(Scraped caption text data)
# # # # # # #

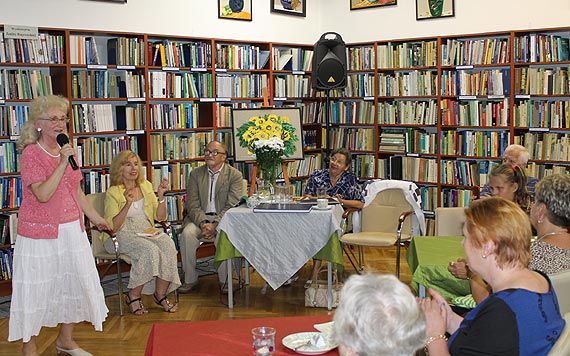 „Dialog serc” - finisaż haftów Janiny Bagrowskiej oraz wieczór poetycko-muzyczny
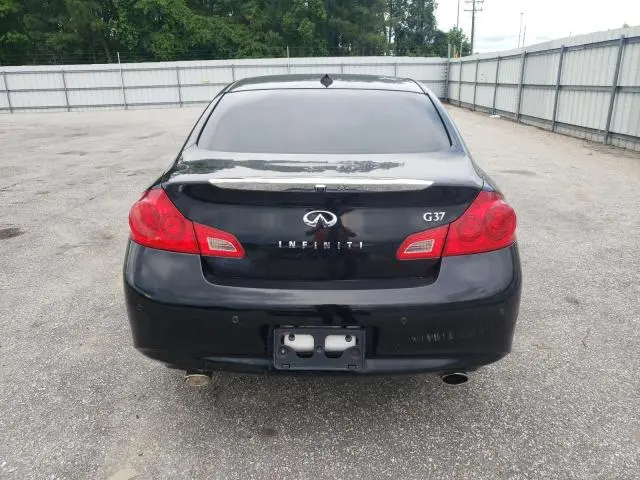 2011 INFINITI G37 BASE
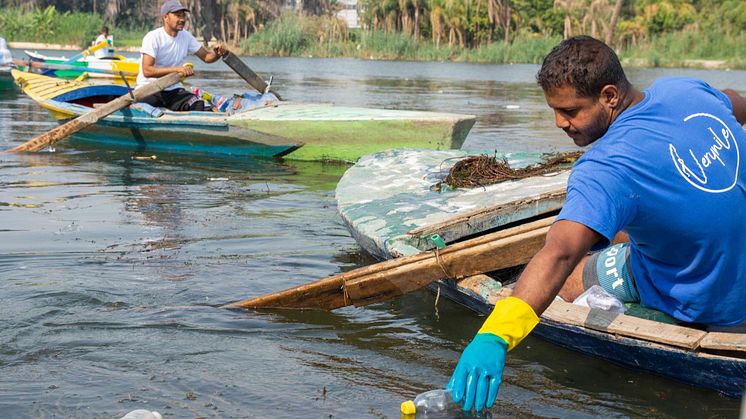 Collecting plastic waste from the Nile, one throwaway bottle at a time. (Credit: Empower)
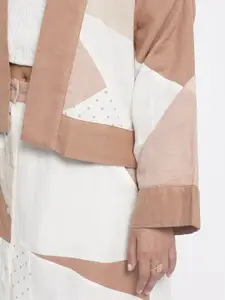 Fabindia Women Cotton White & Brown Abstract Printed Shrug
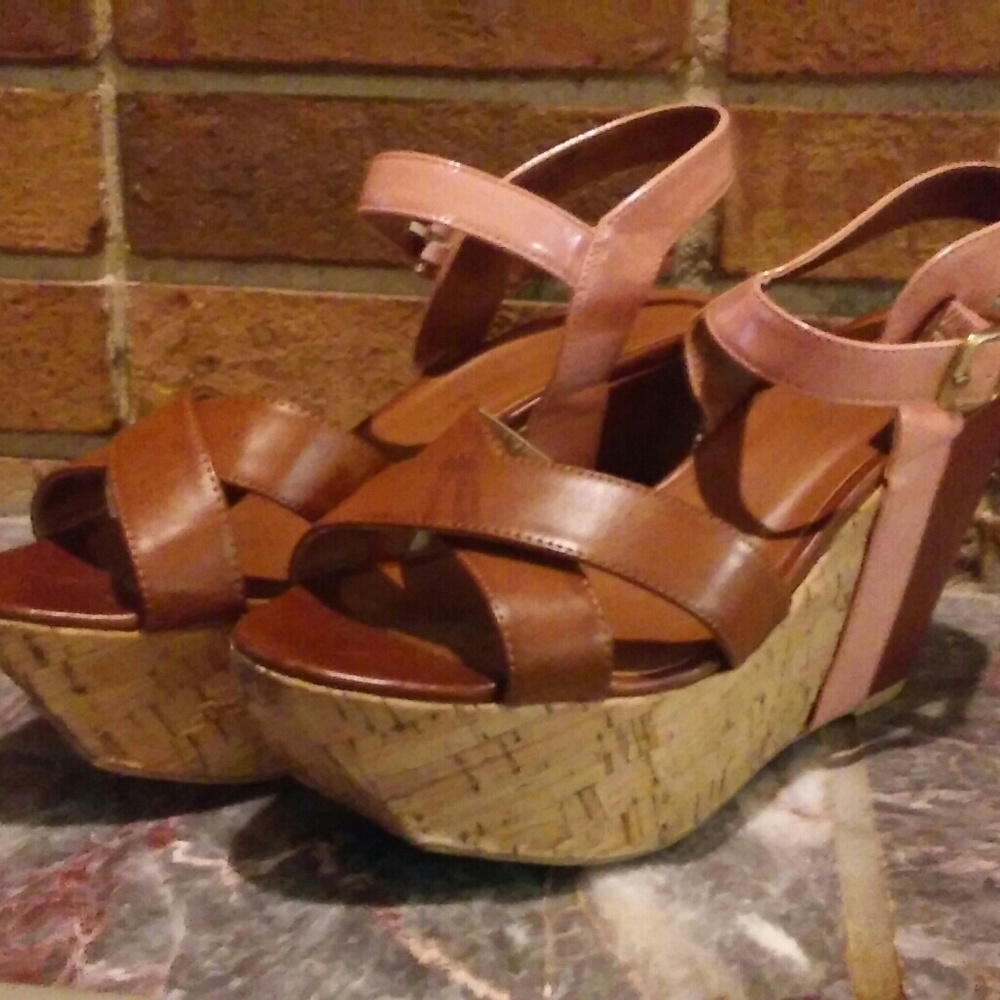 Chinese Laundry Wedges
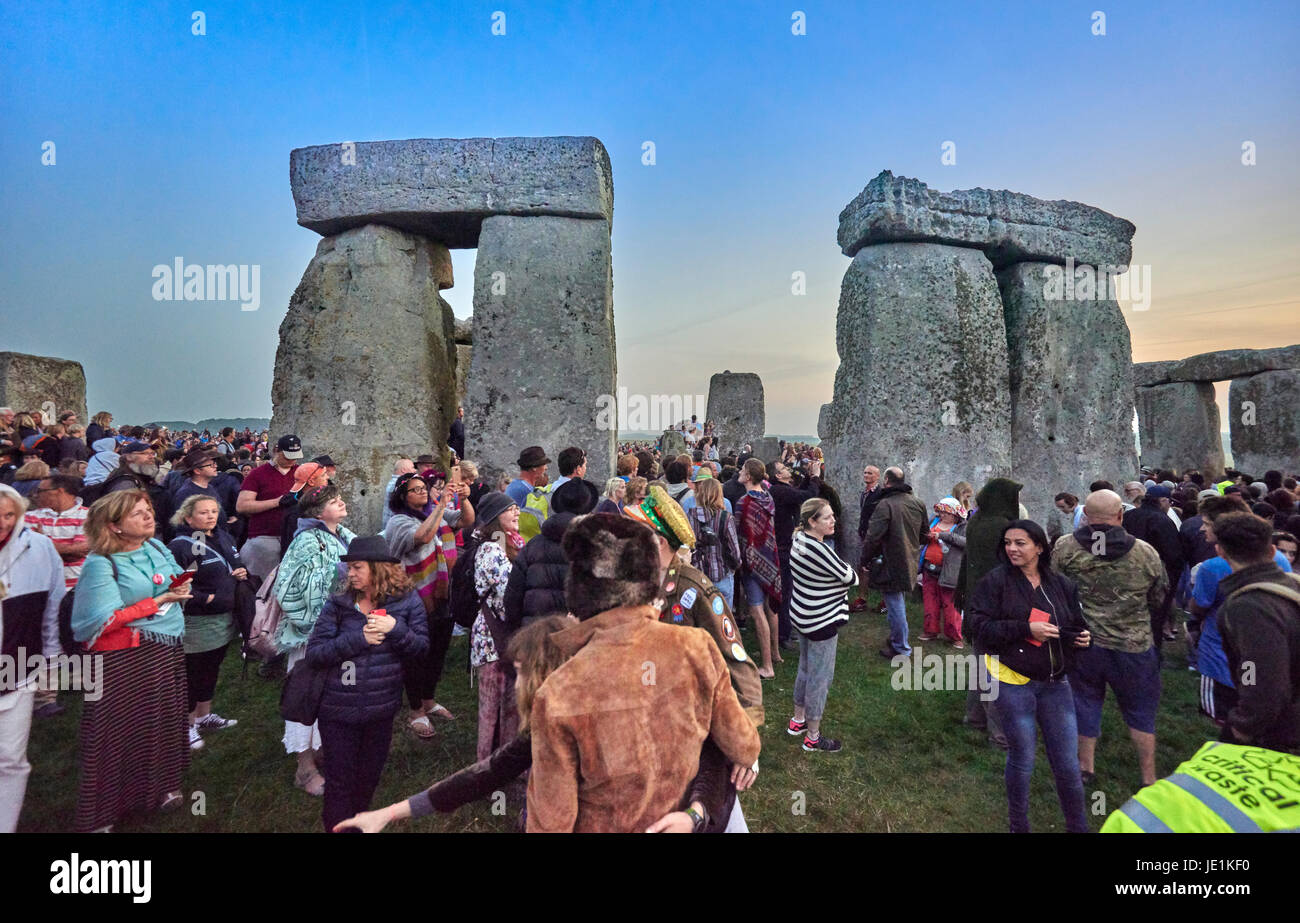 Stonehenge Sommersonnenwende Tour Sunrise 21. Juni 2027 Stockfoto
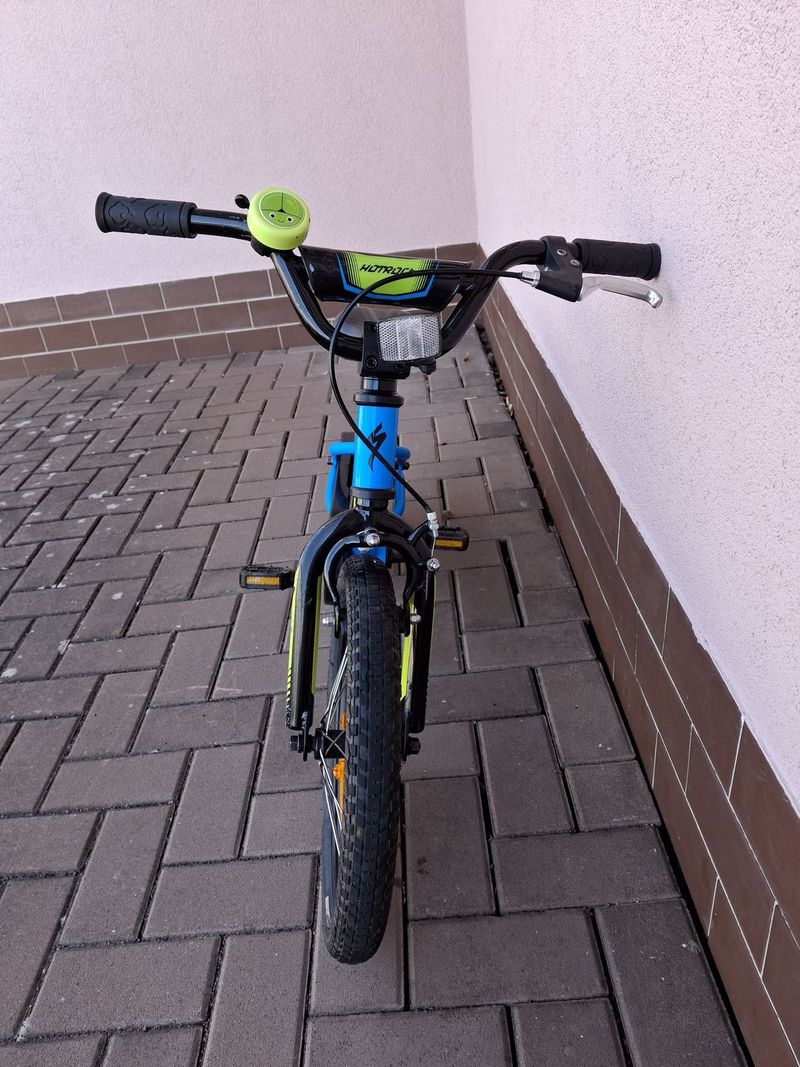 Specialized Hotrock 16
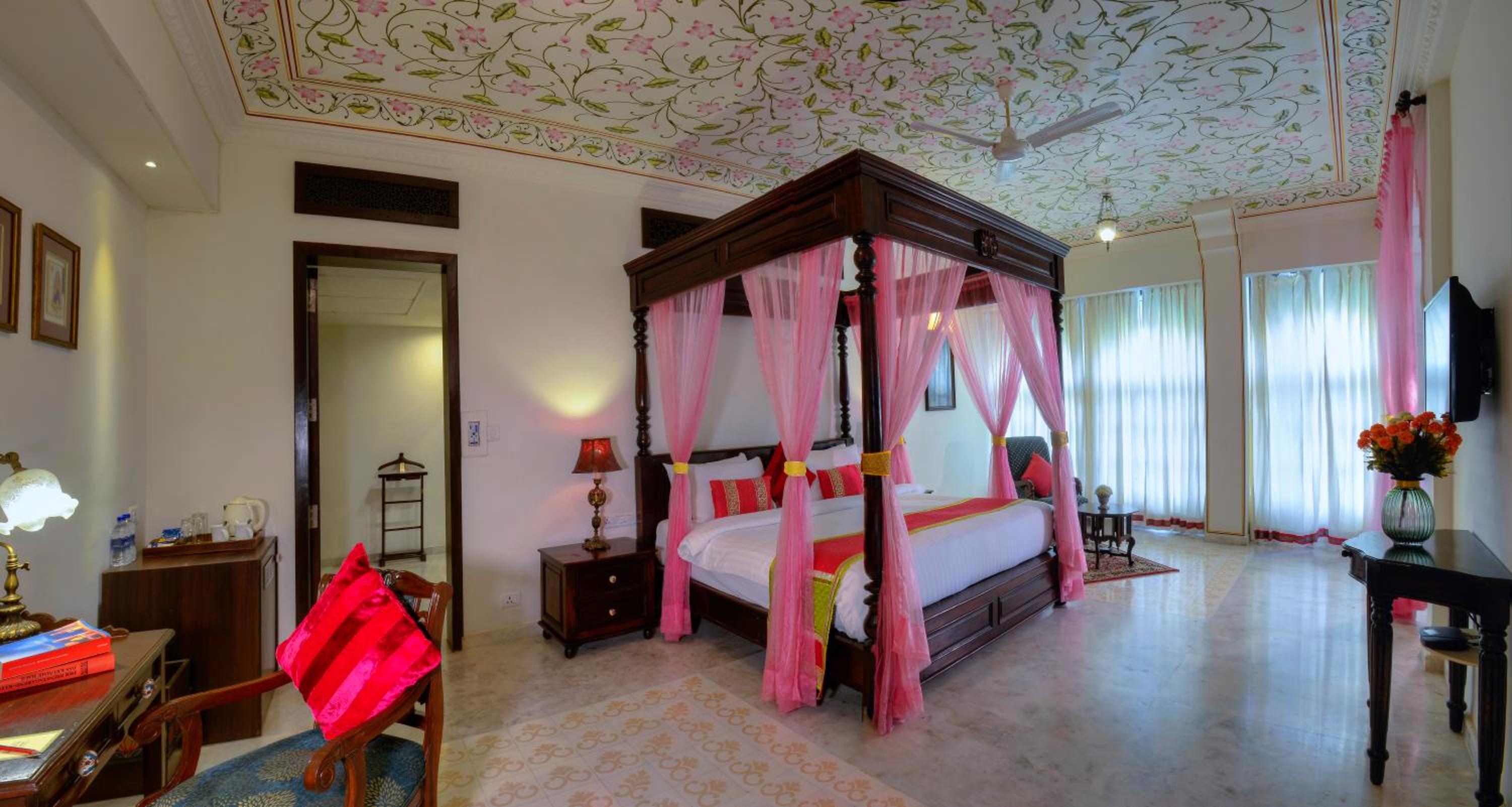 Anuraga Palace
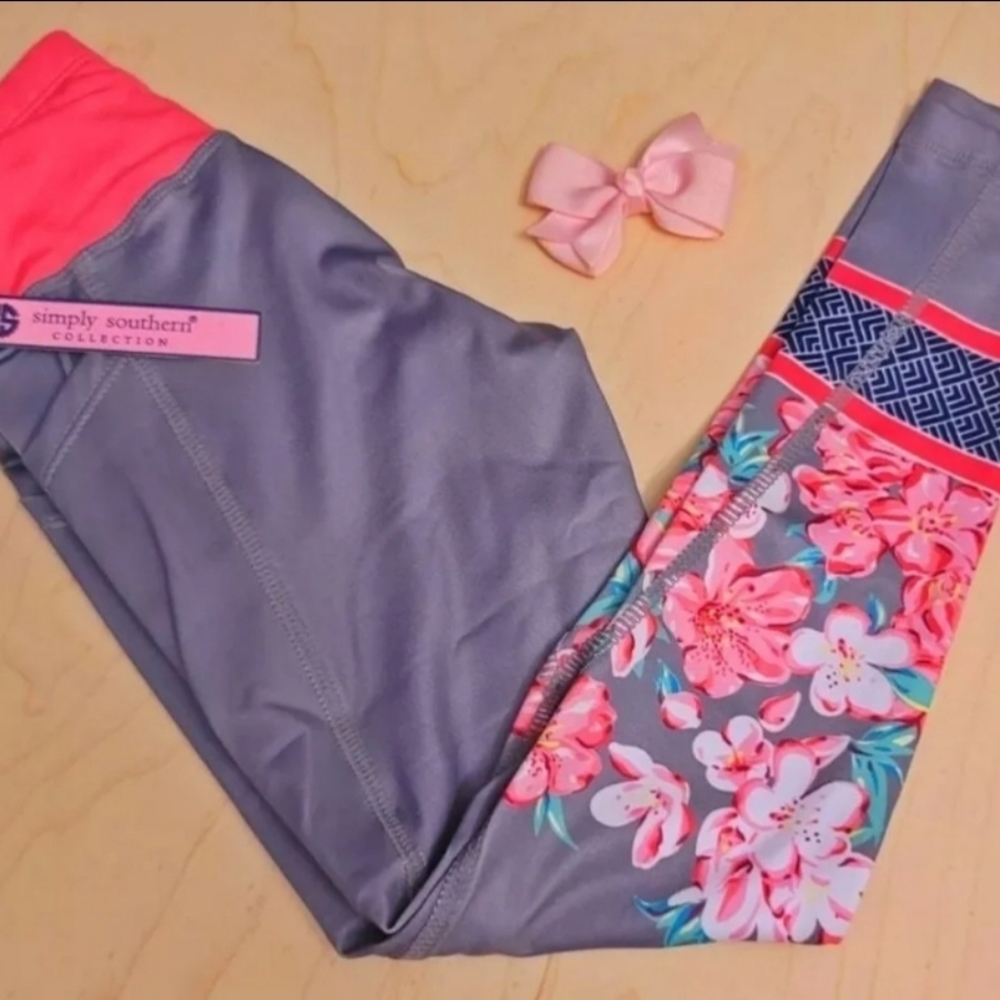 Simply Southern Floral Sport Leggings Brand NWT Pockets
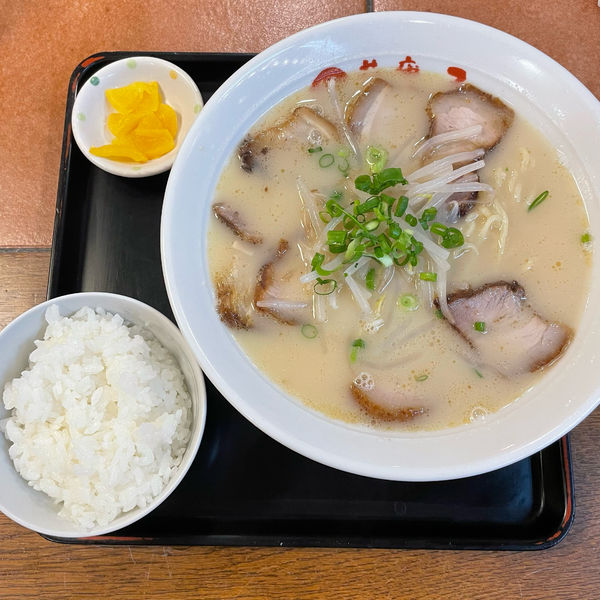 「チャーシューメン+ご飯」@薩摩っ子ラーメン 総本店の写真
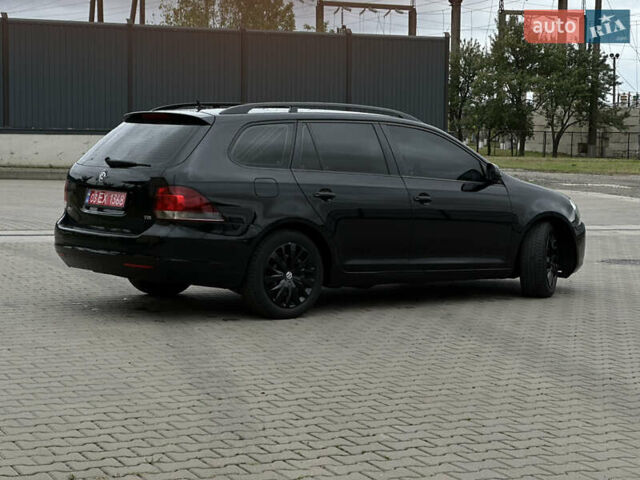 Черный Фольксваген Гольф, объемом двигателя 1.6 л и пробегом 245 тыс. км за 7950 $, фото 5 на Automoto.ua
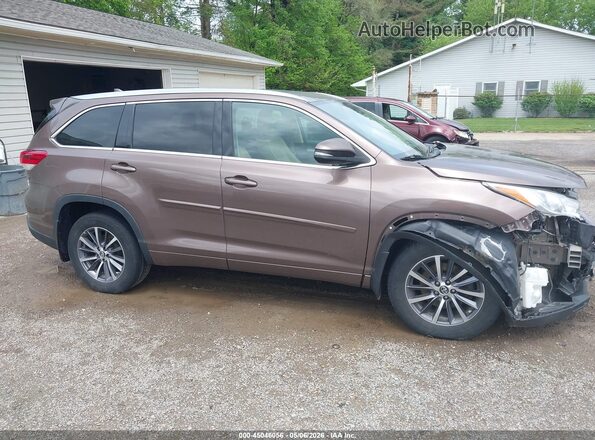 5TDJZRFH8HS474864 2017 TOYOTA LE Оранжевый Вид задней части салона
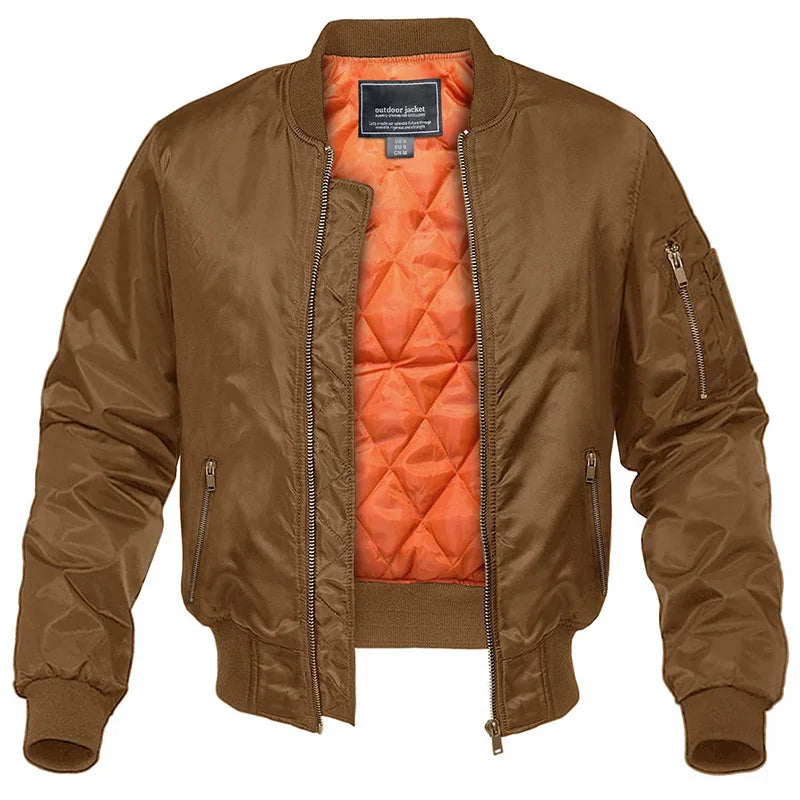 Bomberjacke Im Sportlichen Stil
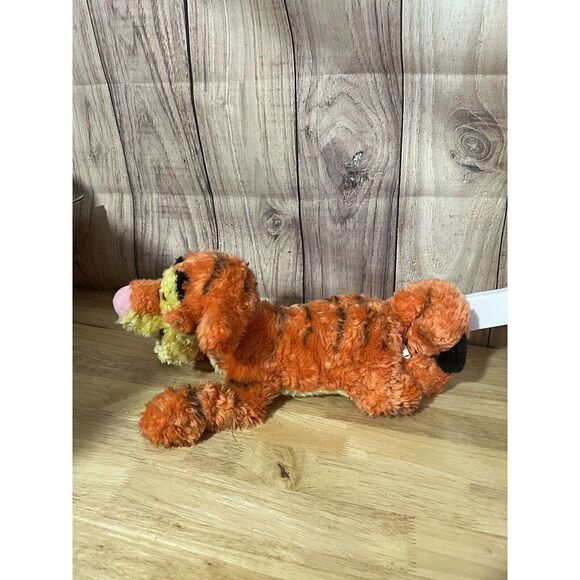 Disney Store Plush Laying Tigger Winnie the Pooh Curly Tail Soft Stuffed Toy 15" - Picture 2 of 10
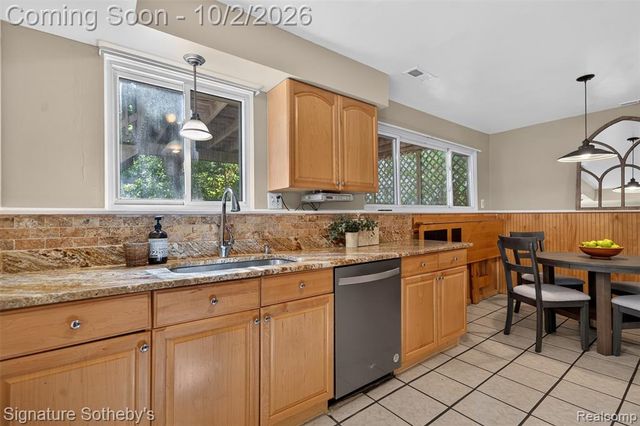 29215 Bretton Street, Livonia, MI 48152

# # # # # # #

Activity - With the pictures left out, write out exactly the lines above from the one containing "Specialized Hotrock 16" through the one containing "Bomberjacke Im Sportlichen Stil".

Result -
 Specialized Hotrock 16
 Anuraga Palace
 Simply Southern Floral Sport Leggings Brand NWT Pockets
 「チャーシューメン+ご飯」@薩摩っ子ラーメン 総本店の写真
 Черный Фольксваген Гольф, объемом двигателя 1.6 л и пробегом 245 тыс. км за 7950 $, фото 5 на Automoto.ua
 5TDJZRFH8HS474864 2017 TOYOTA LE Оранжевый Вид задней части салона
 Bomberjacke Im Sportlichen Stil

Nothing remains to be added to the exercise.